Dataset entries
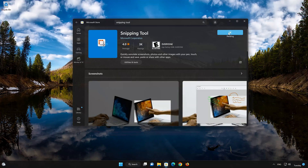Click on the Get button to start downloading Snipping Tool. Wait for Snipping Tool to be downloaded and installed. Now your Snipping Tool app should be installed. Open your Snipping Tool app.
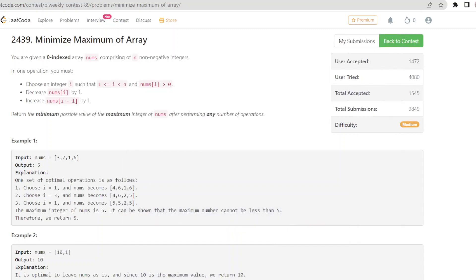Let's solve the third problem from bi-weekly contest 89 — minimize maximum of array values. You are given a zero-indexed array nums comprising of n non-negative integers. In one operation, you must choose an index between 1 and n where the value is positive, decrease that value by 1, and increase the previous value by 1. Doing this any number of times, we have to return the minimum possible value of the maximum integer of this array.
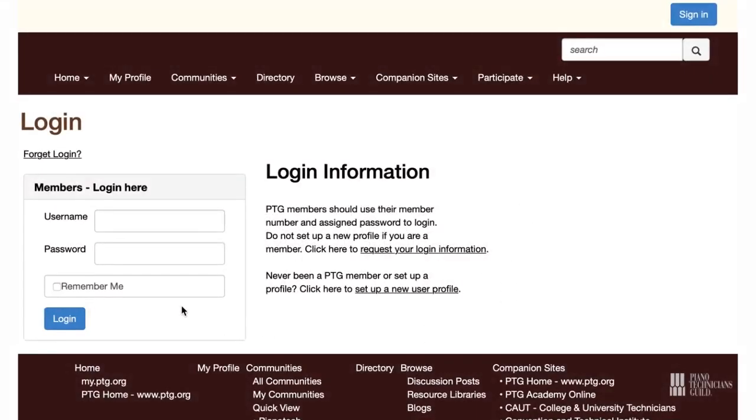The sign-in is on the top right-hand side of the screen. You can also request your information or create a profile.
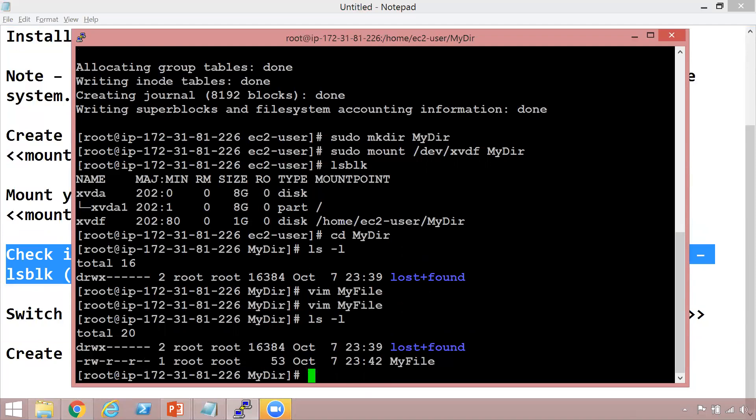Hopefully this video was helpful. We learned how to mount an attached EBS volume, how to install the file system, and how to create a file on our mounted volume. I'll be creating a follow-up video where we create a snapshot of this mounted volume — which contains our 'myfile' file — then use that snapshot to create another EBS volume and mount it on another EC2 instance. I'll have that video posted shortly. Thank you and have a nice day, bye.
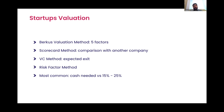The second is the scorecard method, which uses several factors important for the industry the startup operates in, taking a comparable company with a known valuation and either discounting or increasing certain factors to reach a reasonable valuation. Third, we have the VC method, used by VCs by calculating the potential exit of a company in the next five to seven years, checking if that exit matches their required return, and taking into consideration future investment rounds, dilution, and whether it's an attractive investment.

* [YOUR OBJECTIVE]: This task asks for the data above repeated exactly, without a single picture.

* [ANSWER BELOW]:
Click on the Get button to start downloading Snipping Tool. Wait for Snipping Tool to be downloaded and installed. Now your Snipping Tool app should be installed. Open your Snipping Tool app.
Let's solve the third problem from bi-weekly contest 89 — minimize maximum of array values. You are given a zero-indexed array nums comprising of n non-negative integers. In one operation, you must choose an index between 1 and n where the value is positive, decrease that value by 1, and increase the previous value by 1. Doing this any number of times, we have to return the minimum possible value of the maximum integer of this array.
The sign-in is on the top right-hand side of the screen. You can also request your information or create a profile.
Hopefully this video was helpful. We learned how to mount an attached EBS volume, how to install the file system, and how to create a file on our mounted volume. I'll be creating a follow-up video where we create a snapshot of this mounted volume — which contains our 'myfile' file — then use that snapshot to create another EBS volume and mount it on another EC2 instance. I'll have that video posted shortly. Thank you and have a nice day, bye.
The second is the scorecard method, which uses several factors important for the industry the startup operates in, taking a comparable company with a known valuation and either discounting or increasing certain factors to reach a reasonable valuation. Third, we have the VC method, used by VCs by calculating the potential exit of a company in the next five to seven years, checking if that exit matches their required return, and taking into consideration future investment rounds, dilution, and whether it's an attractive investment.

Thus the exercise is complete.